Immigration not part of official duties? That’s not stopping candidates from running ads about it
The migrant caravan in Mexico headed for the U.S. is still months away from reaching the border, but it’s showing up everywhere on television in the final days of this campaign season.
The ads feature darkened, threatening images of immigrant caravans, dark-skinned people throwing rocks, crowds rioting.
Some are federal ads, broadcast and tweeted by everyone from President Donald Trump to congressional candidates. But others are Republican ads in state races, from the North Carolina Supreme Court to the state Senate and House – offices that have no control over federal immigration policy.
Steven Greene, a political science professor at North Carolina State University, said the candidates and outside groups airing the ads are betting voters don’t know the difference.
“We know that Democrats have been energized by Donald Trump for the past year and a half – are ready and raring to vote – and Republicans are afraid their voters are going to stay home,” Greene said. “It seems that, at this time, immigration is the issue that might be most likely to motivate them.
“You make whatever argument works for you,” he added.
Other ads for state candidates label opponents as “dangerous” and “extremist.” One by a national political action committee claims a vote for any Democrat is a vote for socialism and chaos.

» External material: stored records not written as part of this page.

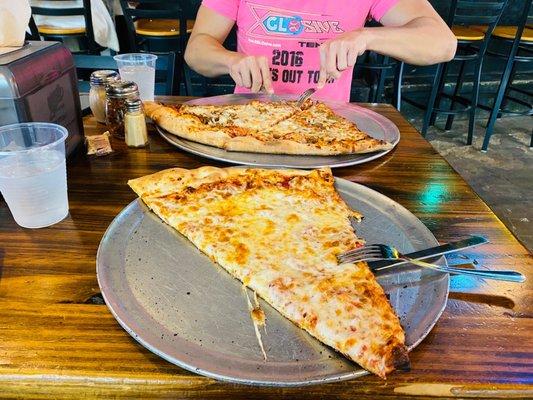 Momo's Pizza - Tennessee Street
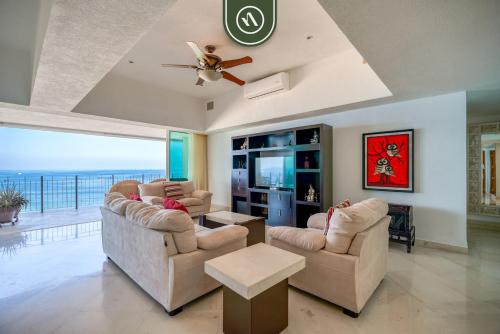 Amazing Condo with Ocean View - Jacuzzi - Beach in Puerto Vallarta, Mexico
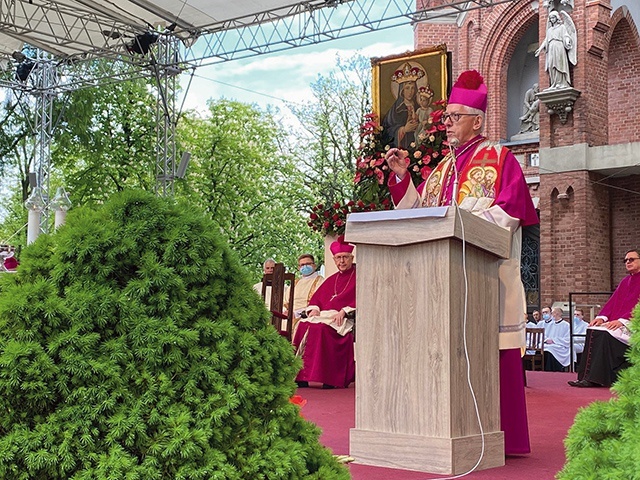 ▲	Piekarskie wzgórze to ambona, z której płynie przesłanie do Kościoła i do społeczeństwa.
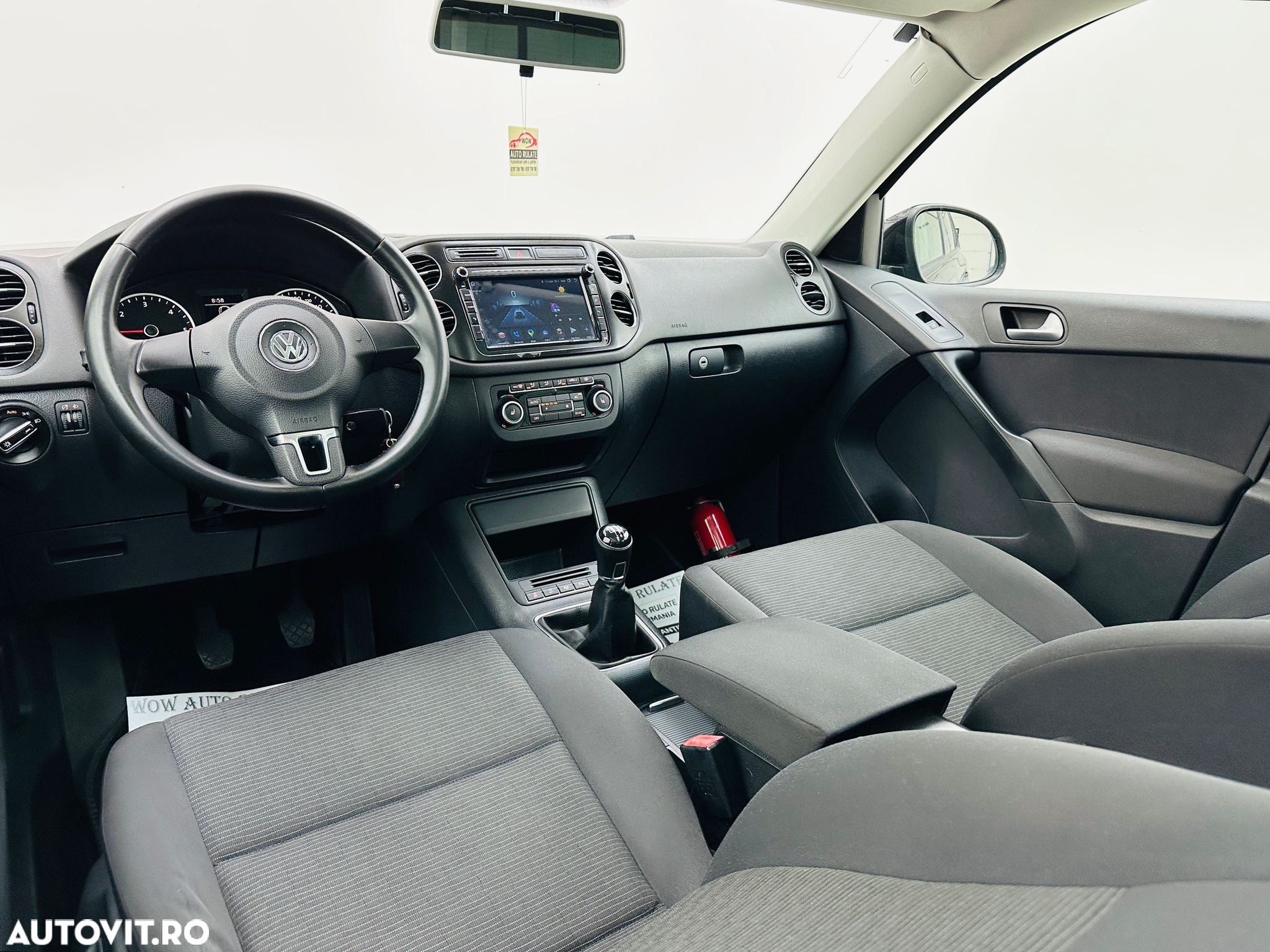 Volkswagen Tiguan - 24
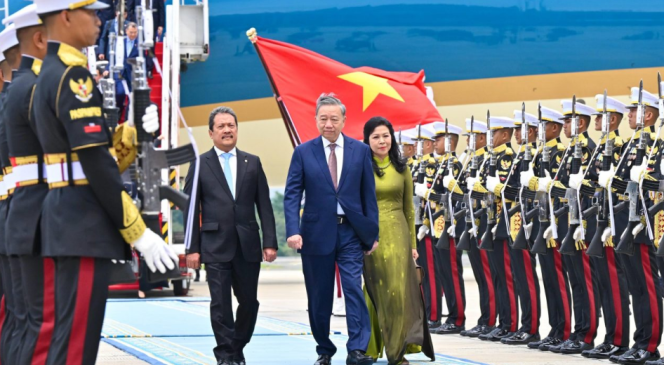 
					Ket photo: Sekretaris Jenderal Komite Sentral Partai Komunis Viet Nam (PKV), To Lam beserta Ibu Ngo Phu'o'ng Ly tiba di Pangkalan TNI AU Halim Perdanakusuma, Jakarta, pada Minggu, 9 Maret 2025 pukul 13.15 WIB. Foto: BPMI Setpres/Cahyo.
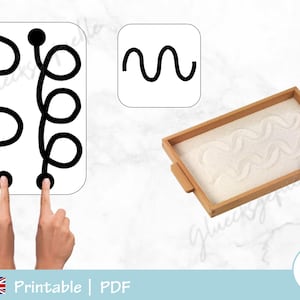 Könnte beinhalten: Eine Holzsandwanne mit wellenförmigen Mustern im Sand, neben zwei schwarz-weißen Karten mit Liniendesigns. Eine Karte zeigt eine wellenförmige Linie, die andere ein komplexeres Design. Der Text "Printable | PDF" ist ebenfalls enthalten.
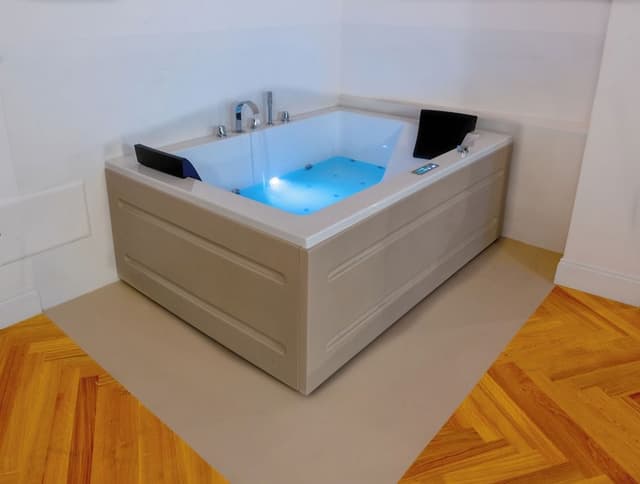 Luxury Room, Hot Tub, Annex Building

Greene called that laughable.
“What it does show is the power of negative partisanship these days,” he said, “trying to get people not to vote because they support you and the issues you care about but because the other side is so scary.”
This year’s campaign has been especially ugly, he said.
“We’ve always had negative ads – let’s be clear about that, probably since the 1780s – but just the fact that people are so motivated by their hatred and their fear of the other party, that is something that we’ve really seen an increase of in recent years, and I think these ads speak to that, unfortunately,” he said.